By , Minggu, 22 April 2018 | 13:00 WIB

Di Shravasti, Khandelwal bertanya kepada salah satu ibu pengantin muda yang juga menikah saat masih anak-anak: “Mengapa menjerumuskan anak Anda ke nasib yang sama?”.

Sang ibu menjawab, ia sebenarnya tidak ingin, namun tak ada pilihan lain. Suaminya adalah buruh harian, sementara dirinya dan anaknya mencari nafkah dengan mengumpulkan kayu bakar. Mereka hidup dari hari ke hari tanpa kepastian. Orangtua merasa, lebih baik menikahkan anak gadis mereka sebelum ada hal lain yang terjadi di luar kendali.
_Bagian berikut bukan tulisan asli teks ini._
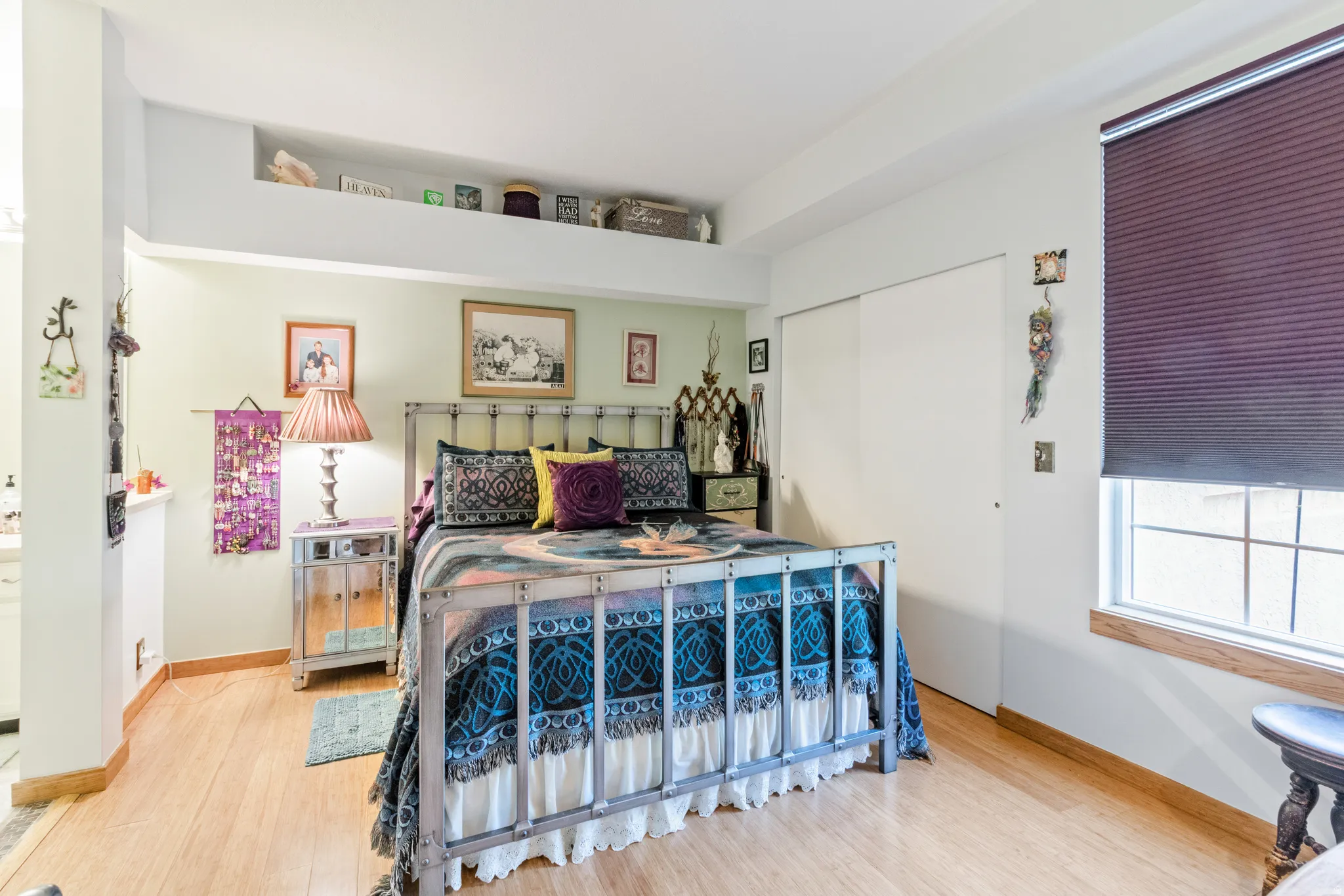 Bedroom featuring a closet and light wood-style floors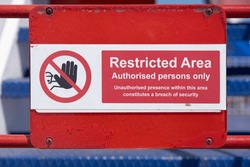 Red and white restricted area sign, authorized persons only, with hand icon, on the deck of a ferry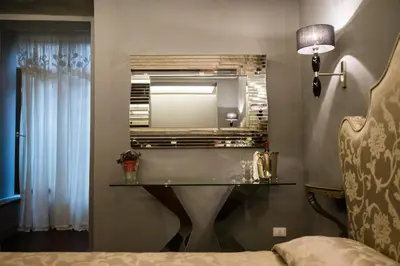 a bedroom with a glass table and a mirror at Il Covo B&B in Rome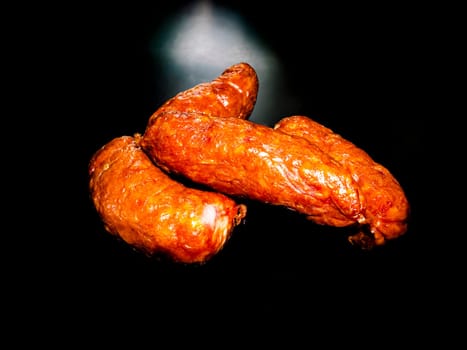 Smoked meat sausages on a black background. Food photo. Recipe. Smoked meat. Fatty food. Home kitchen. Menu of dishes. Advertising photo of the store. Place for text. Poster.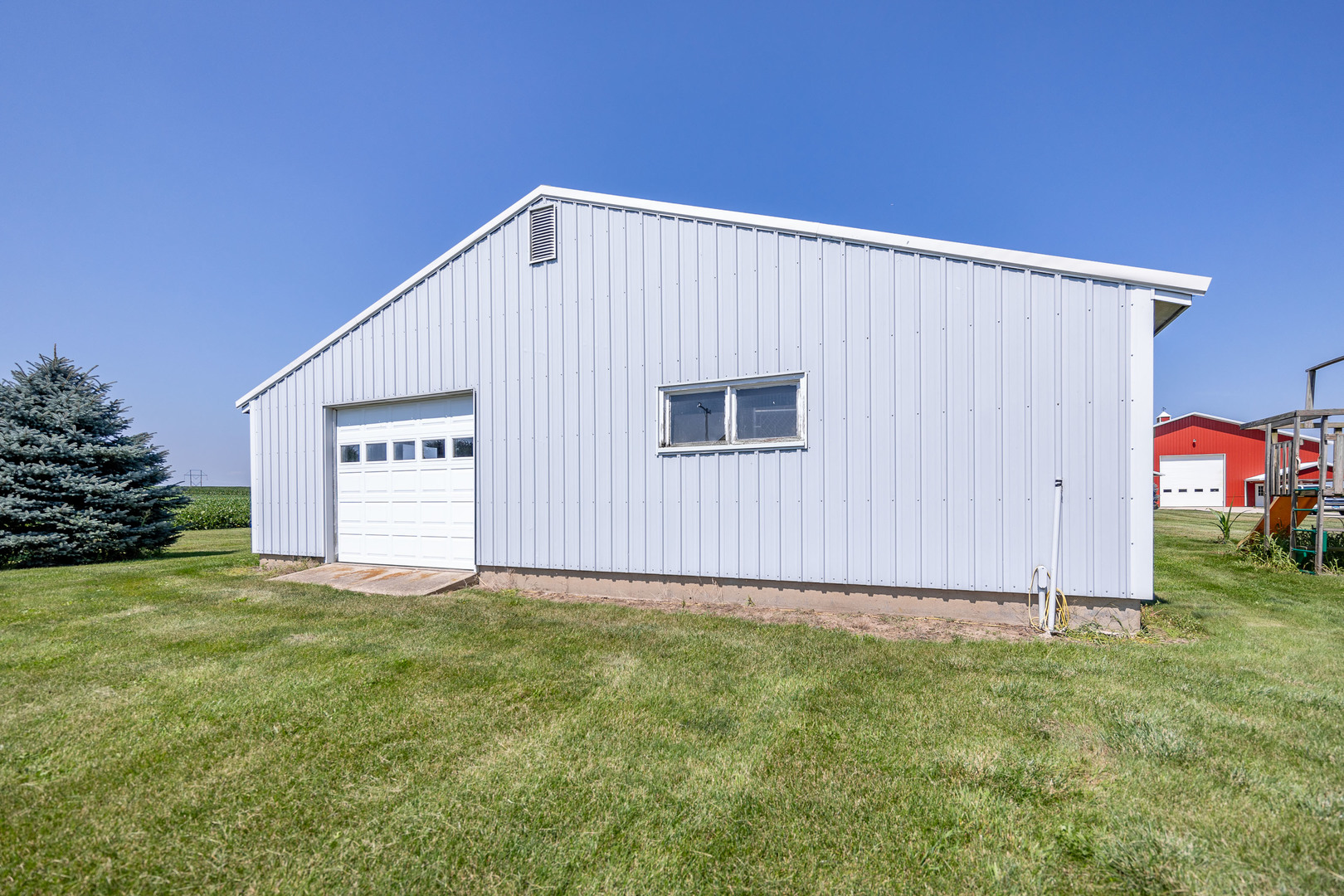 1353 Pine Hill Road Amboy, IL 61310 - Photo 72 of 91 a view of a house with backyard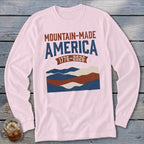 A light pink long-sleeve shirt featuring a graphic with the text Mountain-Made America 1776-2026 over abstract mountains.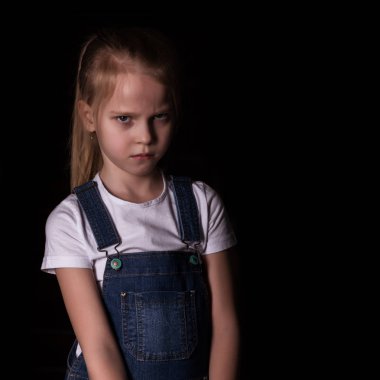 beautiful blonde little girl on a dark background. She stands in different poses and shows different emotions. free space for your text clipart
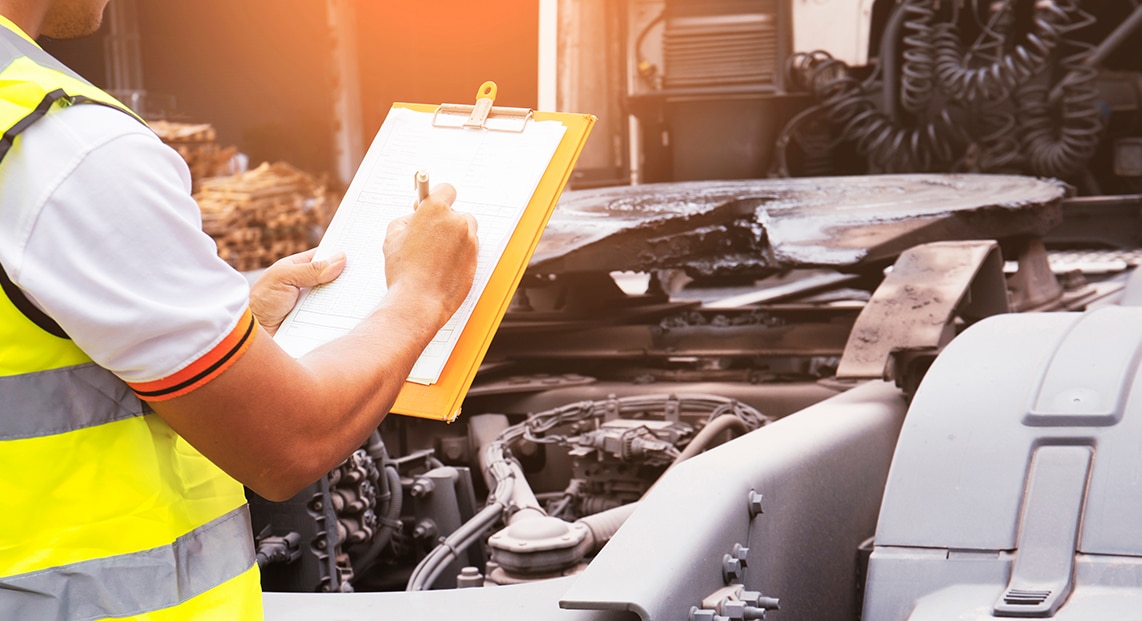 a person writing on a clipboard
“Jika besok kami kehilangan rumah karena banjir, tidak ada lagi mahar yang bisa diberikan kepada putri kami,” katanya.

Chandni mengintip dari belakang Kisna, keduanya berusia 9 tahun. Kisna sudah menikah selama dua tahun saat ini, tetapi tidak pernah mengetahui nama suaminya. Dibanding sekolah, kedua anak perempuan ini membersihkan rumah setiap harinya. (Saumya Khandelwal)

Khandelwal menemukan fakta bahwa banyak keluarga yang menganggap anak perempuan mereka sebagai kewajiban.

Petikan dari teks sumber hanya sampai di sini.